The next morning I got a call from a friend that a mutual friend of over 40 years had lost his 35 year-old, 6’5”, strapping son to a sudden heart attack. I have that ceremony to attend on Saturday just outside Boston.

All this after losing four friends over the winter that were very much a part of my life and in particular my outdoor life, dating back to the late fifties. I then found out that one of my two remaining friends from that time is now burdened with Alzheimer’s.

With all this, I needed a little “me time” so I hopped in the truck and headed for a couple of local lakes. I really wasn’t very intent on catching fish, but a fish or two might lift my spirits.

Things started off slowly, but the arsenal of lures that I keep for just such an occasion was not fully vetted yet. I keep a box with single, barbless-hooked lures, one each of virtually all of my favorites, for days when I want to travel light and ensure that no trout will be injured.

After the first dozen or so lures failed, I put one of my top, if not my top favorite on, an EGB spoon from Sweden.

I Put My Top Favorite Lure On

I Put My Top Favorite Lure On

BOOM! First cast a beautiful rainbow grabbed it and vaulted 3 feet into the air. He shook the lure, but I was thrilled just to see him. That brightened my day, and it would get much brighter.

In the next hour, I caught a dozen or so, and I lost another half dozen as they shook themselves free.

While I was in the middle of all this, standing in my waders on this beautiful lake all by myself, it reminded me of the closing scene of “A River Runs Through It”. If you’ve seen it or read the book, you’ll know exactly what I mean. Norman is standing in the river in his waders, now an old man, reflecting on all the people that shared his life and passions.

That’s what I was doing. I thought of every significant person that I had shared a lake or river with over my life time. Almost all of them now passed.

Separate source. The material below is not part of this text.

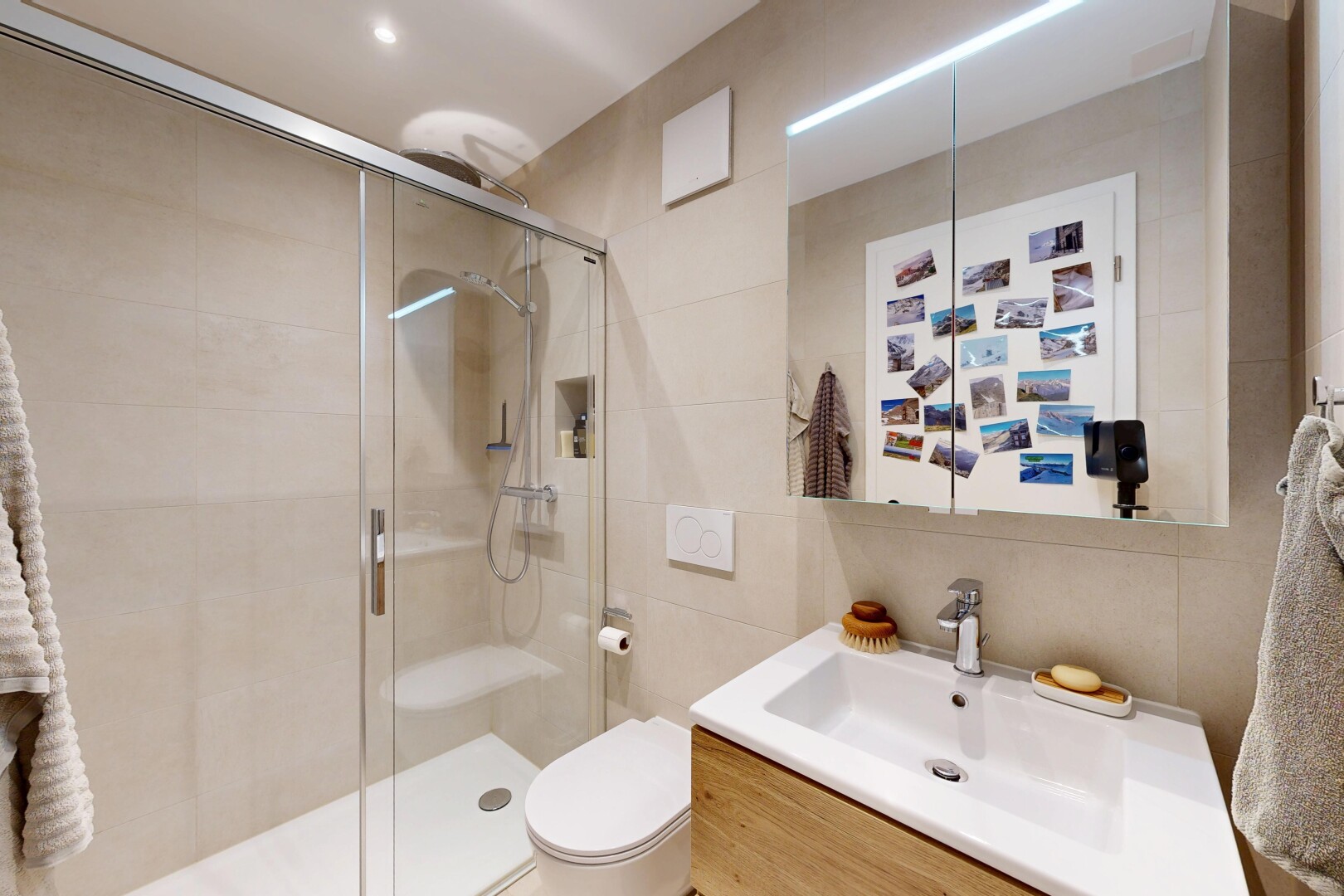 salle de bains avec inside property, miroir, salle de bain complète, lavabo (ou coiffeuse selon le contexte), et douche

My dad of course was one of many, but the most significant was my friend Bob. I was holding his favorite rod and reel in my hand. Each year I try to start out the season by catching the first fish of the year (by “fish” I mean “trout,” as all other fish take a backseat to their beauty and mystique) on his rod.

I swear to you, with God as my witness, that in that moment I was literally talking out loud to Bobby. I said “You know I still miss you,” and I no more than uttered the last syllable, when a large rainbow all but pulled the rod out of my hand. I hooked him briefly, and then he leaped almost head high to me and shook the spoon. My take on all that was that Bobby was letting me know he was there with me.

19-Inch Rainbow Trout

19-Inch Rainbow Trout

I ended the day, few hours that it was, with a nice 19” trout. After which I turned and headed home leaving a bunch of hungry fish for some other lucky man who might need his spirits lifted.